Skip to content

GitHub repositories

This section provides information on the git repositories for each OpenSAFELY research project.

The repository, or repo, contains all the analysis scripts, codelists, released outputs, and other research objects needed to understand and run the project. Changes to the repo are audited using git, a version control system for recording, sharing and collaborating on code. The repo's canonical location is on GitHub, a website that makes it easier to use git, and adds extra collaboration and security tools on top. You can download a copy of the repo ("clone"), create a development "branch", make changes ("commit") on that branch, then upload these changes ("push") back to the remote repo on GitHub — for more details see the GitHub and Git section.

GitHub is the means by which code in the repository is passed to the server to be run against the OpenSAFELY database — it is the only entry point between the secure server and the outside world. GitHub is also the means by which approved disclosure-safe outputs are released from the secure server to researchers.

Repository visibility🔗

In accordance with the Principles of OpenSAFELY, we expect all code from all users to be made public. As technical users will know, a public GitHub repository is visible by anyone on the internet, but only specified people will have the ability to change it.

How to make your code public🔗

You can request that a private repository is made public at any time by following our process for publishing a repo.
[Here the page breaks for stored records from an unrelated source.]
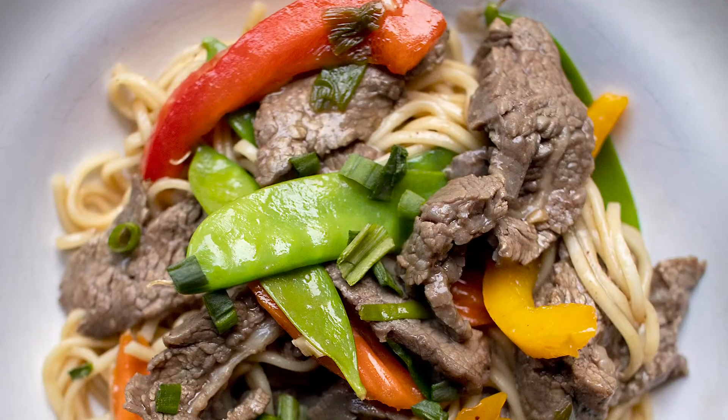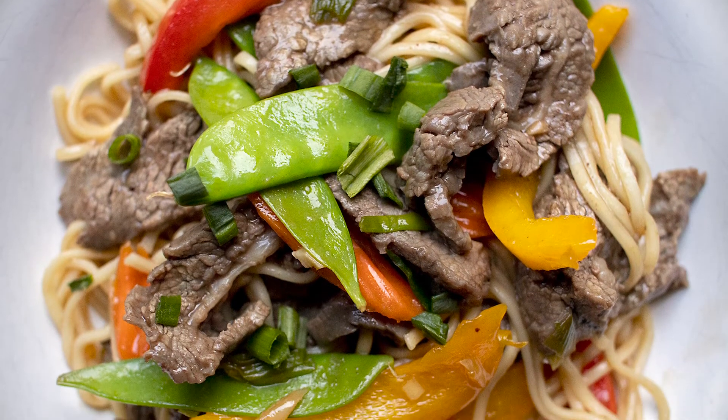Recipe number four is beef lo mein and you can make this in the time that it takes you to place the order for takeout and go pick it up, but it's full of healthy veggies, chock full of meat, not super saucy, and just the perfect equivalent to that takeout dish that everybody loves.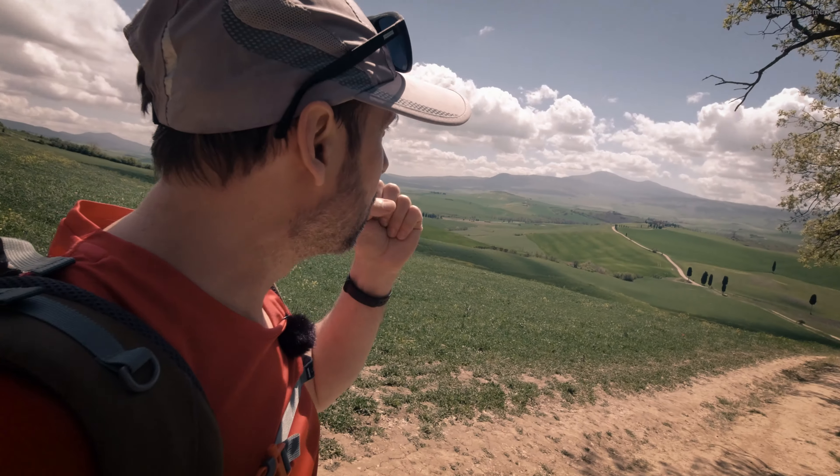We arrived yesterday — we were three or four hours from here and wanted to drive here in something like six hours, but there were so many traffic jams on the highway, it was unbelievable. It took us so long to get here. Now I'm really, really tired — I feel a little bit like Russell Crowe in Gladiator.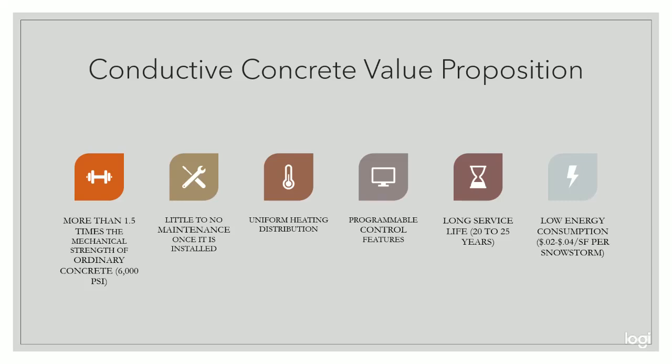Some snow melt systems must be powered for a longer duration. For optimal results, you can power our system before and during a snowstorm until the surface is dry. The results from the ASTM rapid freeze-thaw resistance test estimated our concrete could have a service life of 25 to 30 years. Our concrete lasted 312 freeze-thaw cycles without failures. To operate, our system costs 2 to 4 cents per square foot per snowstorm, which is very energy efficient.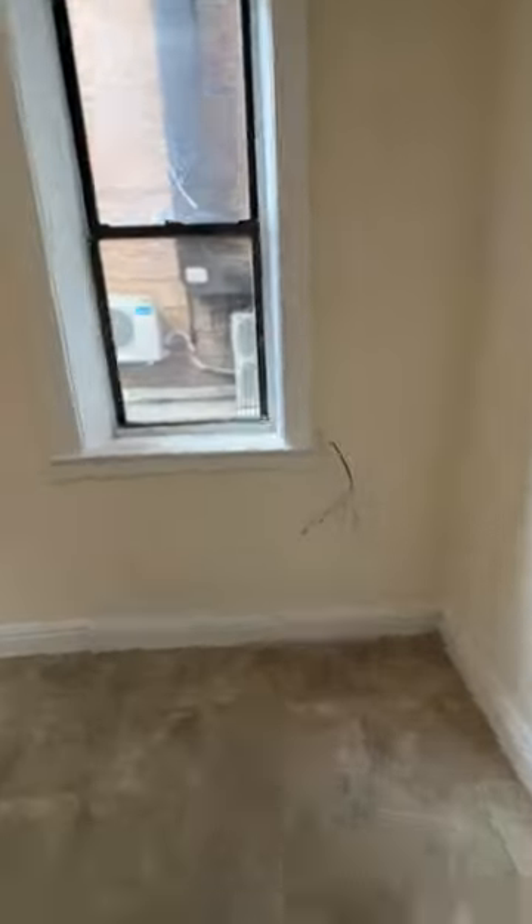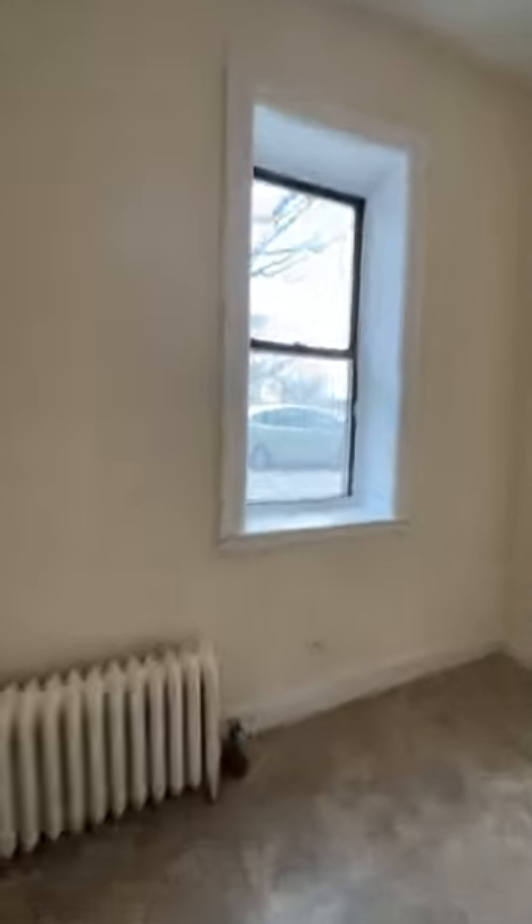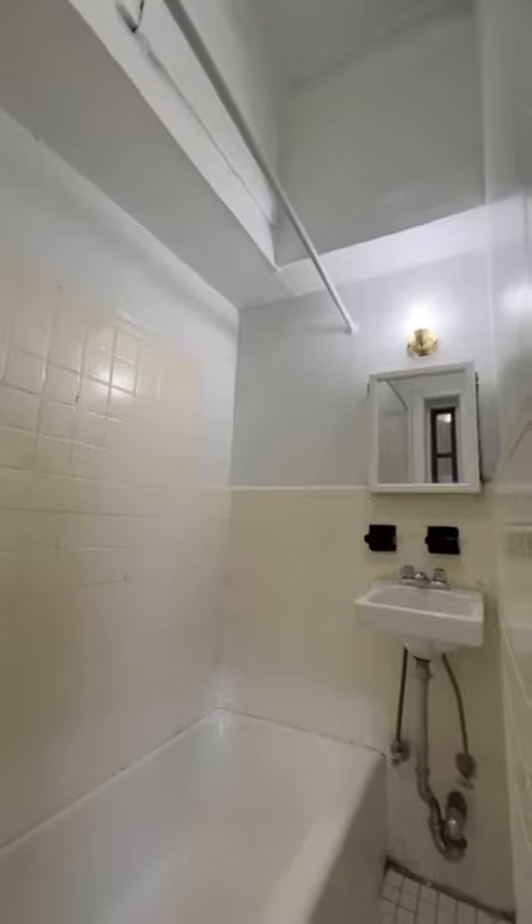Touring this $1,100 room without the sarcasm. It's got this semi-private entrance — you share it with one other unit. You are street level here. There's about enough room for a bed and maybe a small table near the kitchen.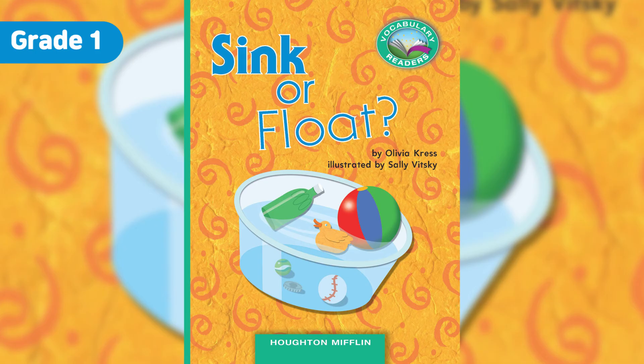This is a pumpkin. Will it sink or will it float? Turn the page to find out. Surprise! The pumpkin is heavy, but a pumpkin also has a lot of air inside. The air makes it float.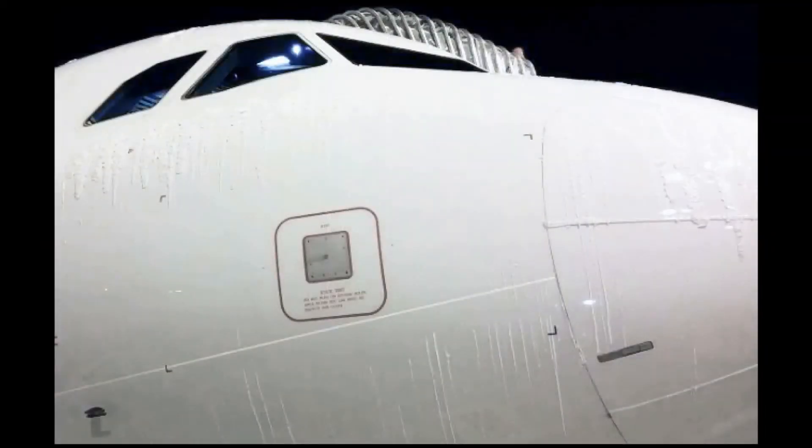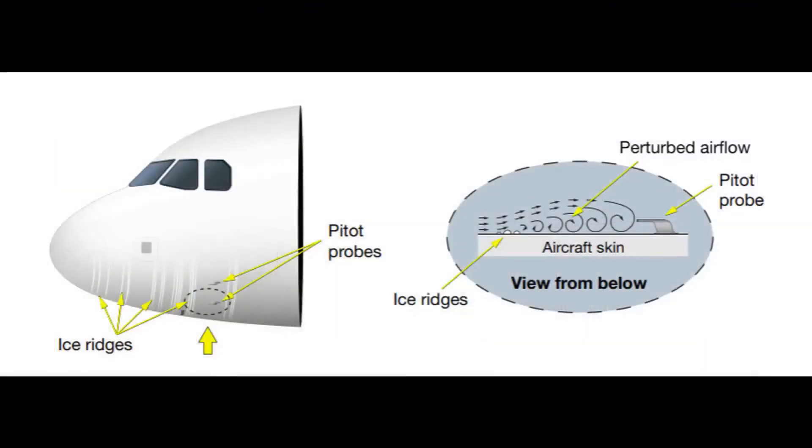Another possible cause of ice ridges is snow that melts on a heated windshield and then refreezes as ridges on the lower fuselage. These ice ridges on the forward fuselage can disturb the airflow around the static, pitot, and angle-of-attack probes. This can result in airspeed data at a value significantly lower than actual airspeed, and the consequence may be an unreliable airspeed situation from takeoff or later during the flight. The FCOM and FCTM highlight the need to pay special attention to this area when performing the walk-around in cold weather conditions.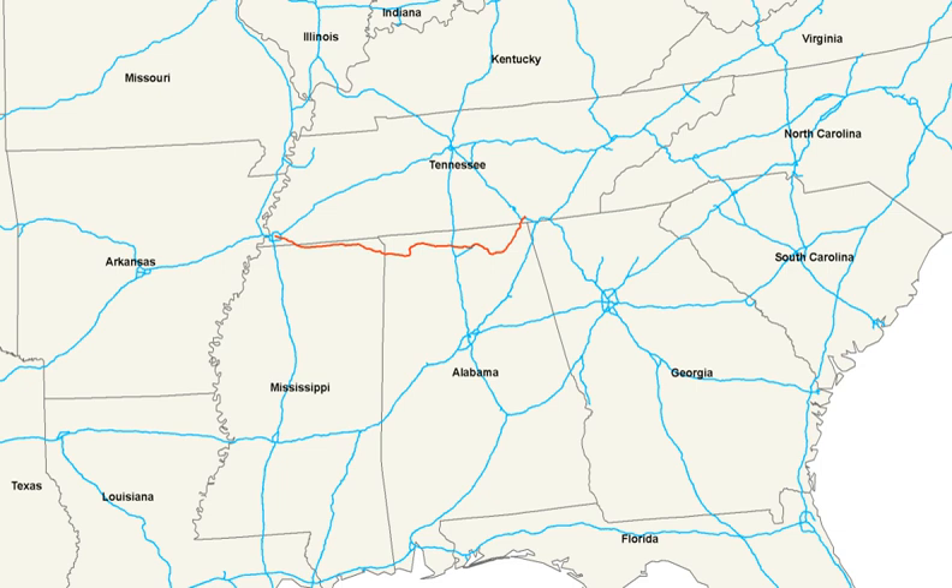U.S. 72 ALT follows the Memphis and Charleston route through North Alabama. In West Tennessee, U.S. 72 begins at Bellevue Boulevard in Memphis. From Memphis, the route follows Union Avenue and Poplar Avenue into Collierville. Just south of Collierville, U.S. 72 junctions State Route 385, the Bill Morris Parkway, a freeway which links Collierville with I-240. The route enters Mississippi 3 miles southeast of State Route 385. This segment of the highway is concurrently designated Tennessee State Route 86.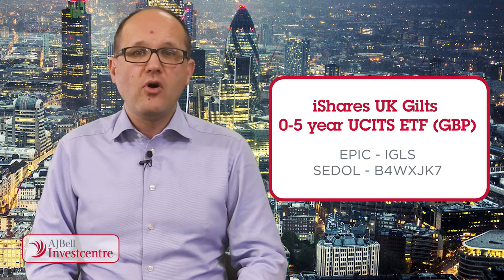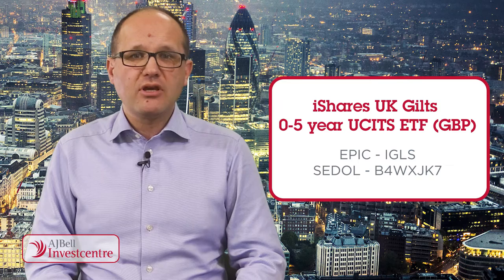As we all know, an ETF is designed to track or mirror the performance of the underlying assets and deliver that performance, minus any running costs. In this case, iShares UK GILTs 0-5 years uses physical or direct replication to provide that performance, so it owns the underlying securities.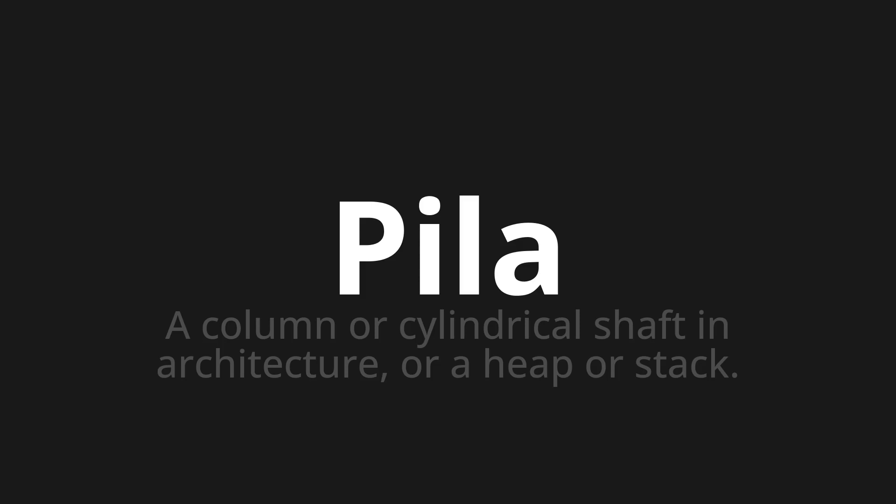Let's say it all together. Bila. Bila. Bila.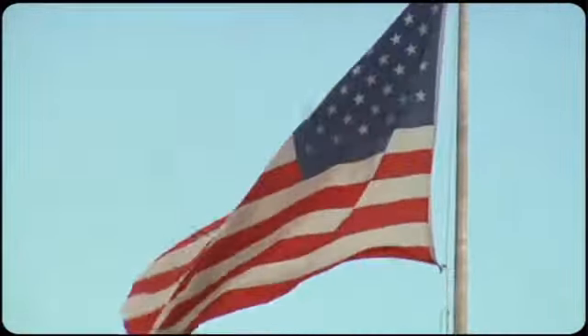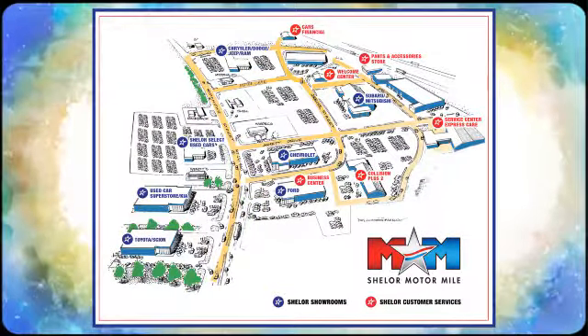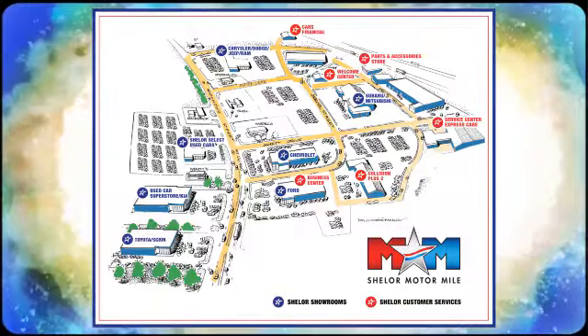There's even more to see in person. Take it for a test drive today. Come visit us on the Motor Mile, where you're always a name and never a number. Call, click, or stop in. We're conveniently located at 200 Motor Lane in Christiansburg, Virginia.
Publishing older repositories that contain results as well as code🔗

In earlier versions of OpenSAFELY, all results released from the secure server after disclosivity checking went directly to the GitHub repository containing the code for the project. Because of this, for older repositories the OpenSAFELY team and you must check that there are no outstanding results which still require approval from NHS England in your repository, before that repository is made public. If you are unsure whether this applies to your repository then you should contact publications@opensafely.org.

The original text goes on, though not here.